* _Task brief_
From the line that includes "LAF Counter Top" to the last line of the data, quote each line precisely; both boundary lines belong in the answer.
*** Opening of Provided data ***
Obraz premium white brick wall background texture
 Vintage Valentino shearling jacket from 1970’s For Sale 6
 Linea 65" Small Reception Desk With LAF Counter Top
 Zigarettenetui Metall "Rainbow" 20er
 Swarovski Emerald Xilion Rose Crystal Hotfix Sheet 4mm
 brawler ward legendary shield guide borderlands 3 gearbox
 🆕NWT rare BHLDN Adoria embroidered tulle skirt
*** Close of Provided data ***
* _Reply to the exercise_
 Linea 65" Small Reception Desk With LAF Counter Top
 Zigarettenetui Metall "Rainbow" 20er
 Swarovski Emerald Xilion Rose Crystal Hotfix Sheet 4mm
 brawler ward legendary shield guide borderlands 3 gearbox
 🆕NWT rare BHLDN Adoria embroidered tulle skirt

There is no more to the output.